[WHAT THE TASK REQUIRES]
Print out the data exactly, keeping every image out of it.
DATA SECTION below:
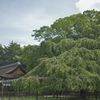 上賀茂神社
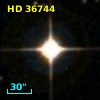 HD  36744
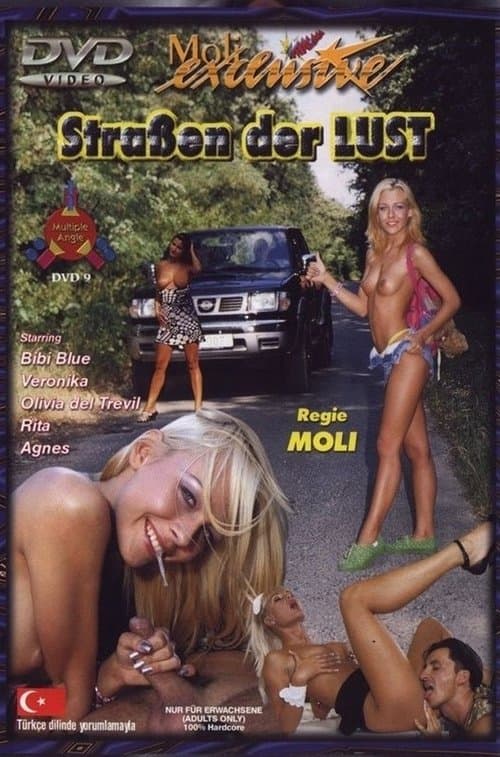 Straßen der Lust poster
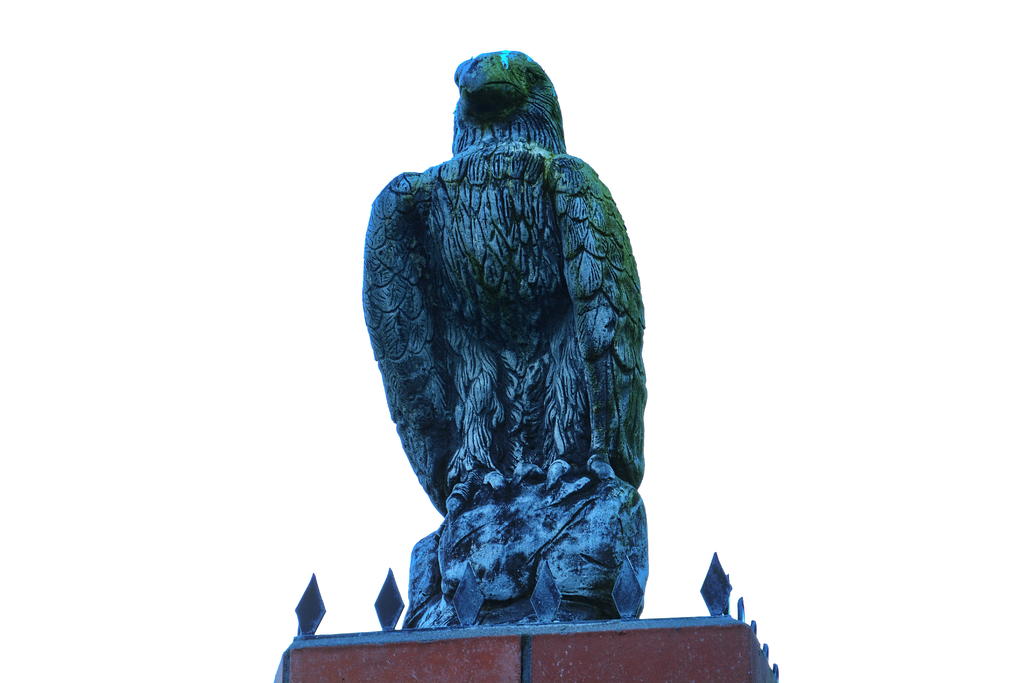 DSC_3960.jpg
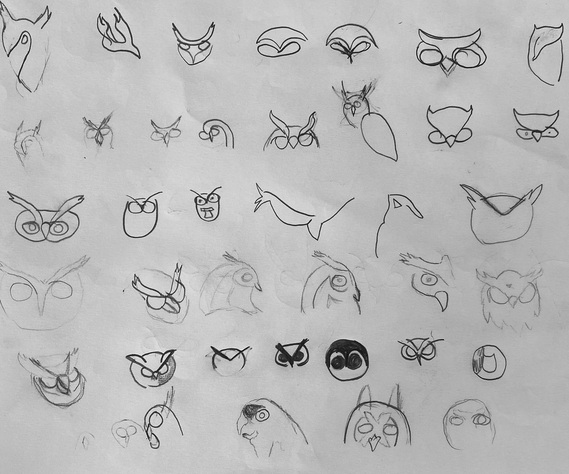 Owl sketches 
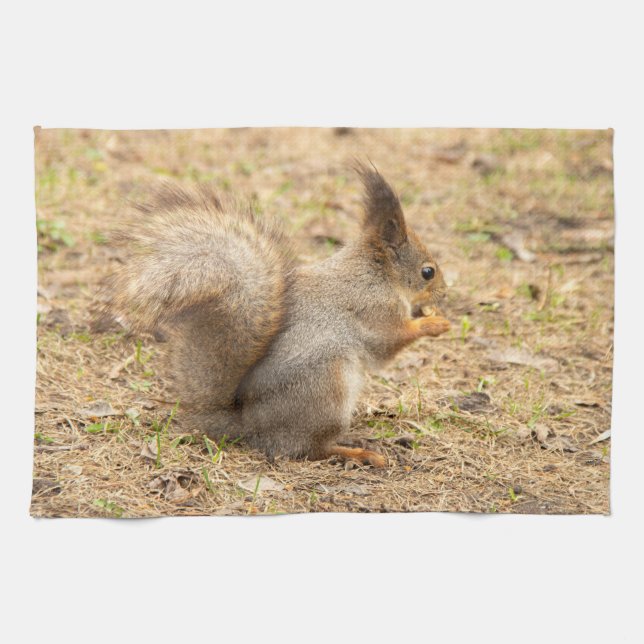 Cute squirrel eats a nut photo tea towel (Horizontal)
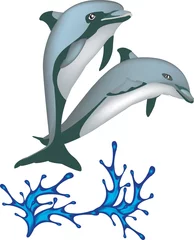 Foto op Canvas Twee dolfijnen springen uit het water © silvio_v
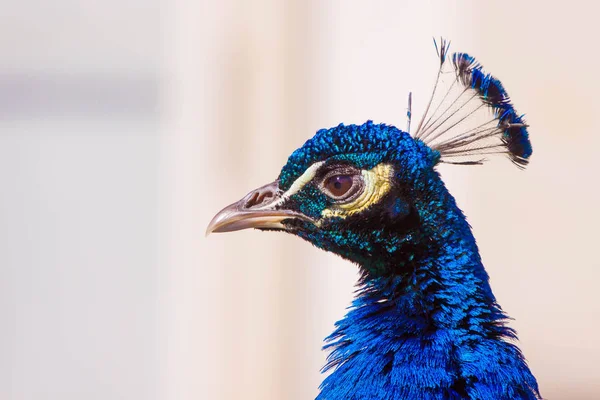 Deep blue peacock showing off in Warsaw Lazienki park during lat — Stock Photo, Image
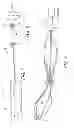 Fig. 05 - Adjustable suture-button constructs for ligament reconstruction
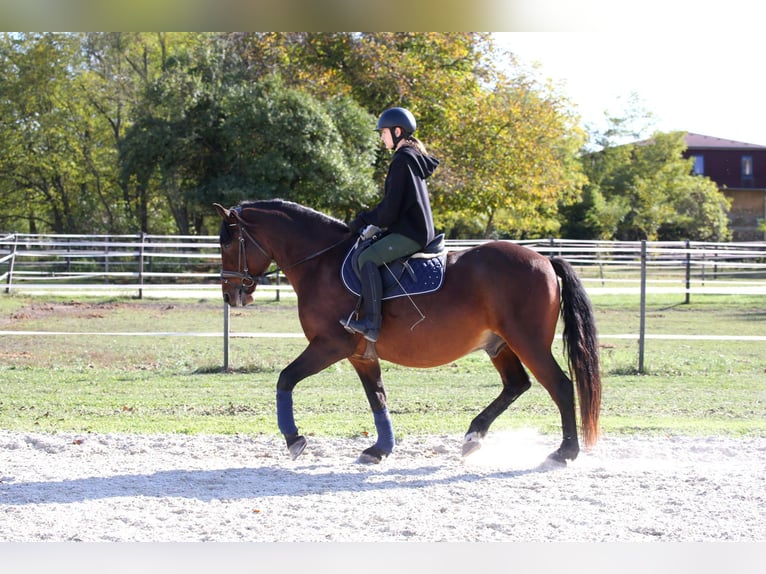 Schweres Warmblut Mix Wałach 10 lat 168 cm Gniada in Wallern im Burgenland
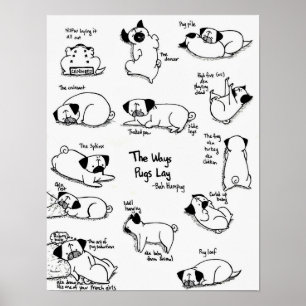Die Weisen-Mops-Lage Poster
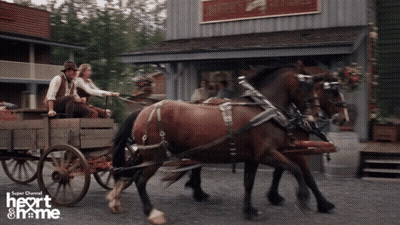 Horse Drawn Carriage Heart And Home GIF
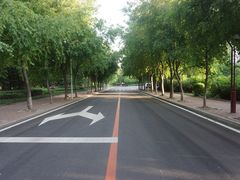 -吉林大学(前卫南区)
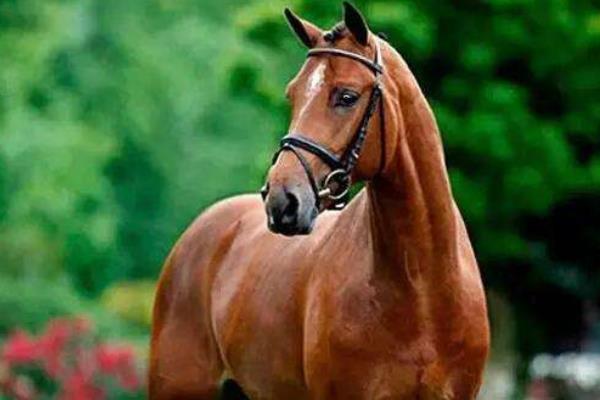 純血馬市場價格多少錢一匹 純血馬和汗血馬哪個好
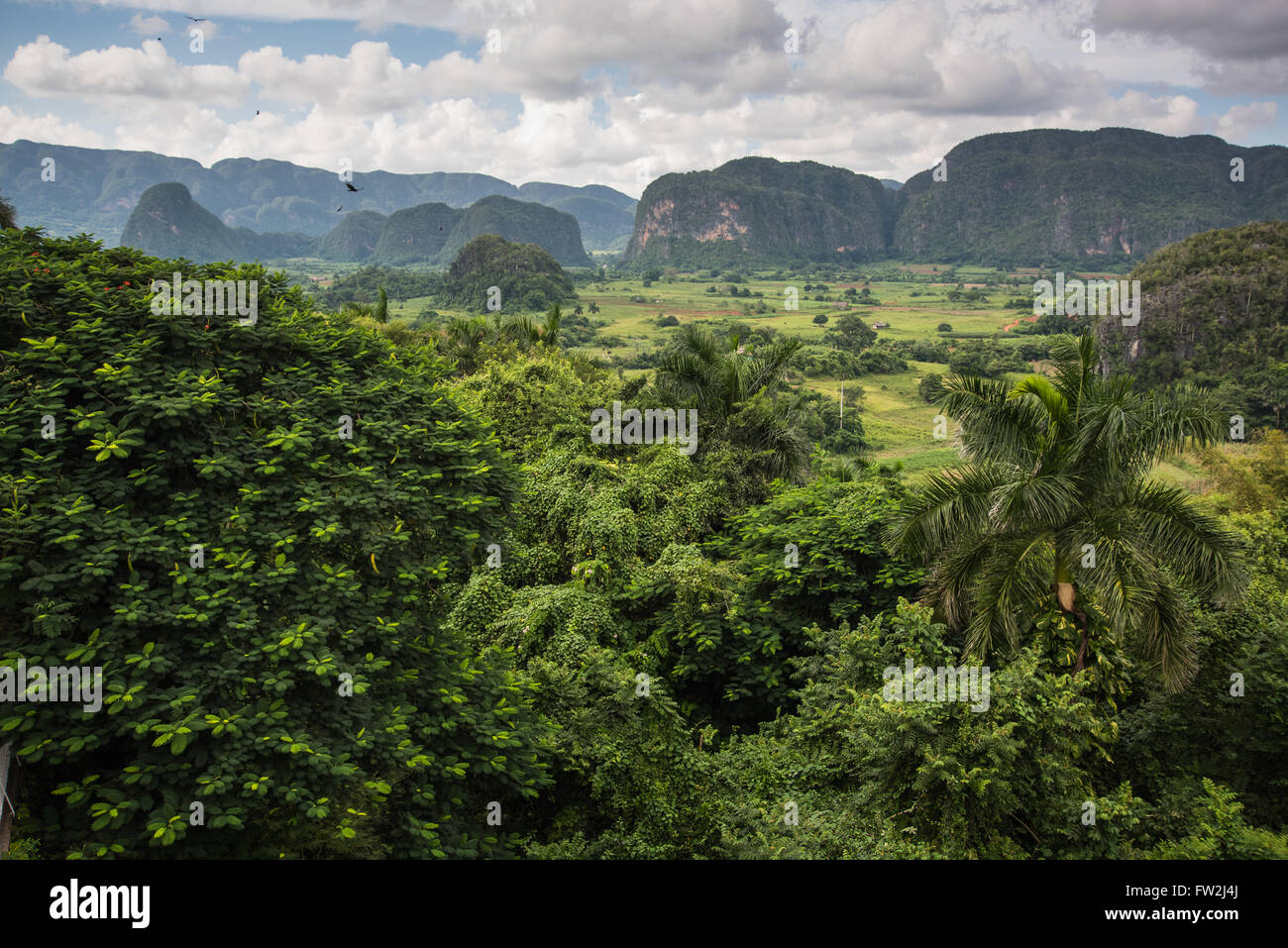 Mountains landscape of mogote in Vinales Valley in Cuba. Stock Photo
End of DATA SECTION.
[RESULT OF THE EXERCISE]
 上賀茂神社
 HD  36744
 Straßen der Lust poster
 DSC_3960.jpg
 Owl sketches 
 Cute squirrel eats a nut photo tea towel (Horizontal)
 Foto op Canvas Twee dolfijnen springen uit het water © silvio_v
 Deep blue peacock showing off in Warsaw Lazienki park during lat — Stock Photo, Image
 Fig. 05 - Adjustable suture-button constructs for ligament reconstruction
 Schweres Warmblut Mix Wałach 10 lat 168 cm Gniada in Wallern im Burgenland
Die Weisen-Mops-Lage Poster
 Horse Drawn Carriage Heart And Home GIF
 -吉林大学(前卫南区)
 純血馬市場價格多少錢一匹 純血馬和汗血馬哪個好
 Mountains landscape of mogote in Vinales Valley in Cuba. Stock Photo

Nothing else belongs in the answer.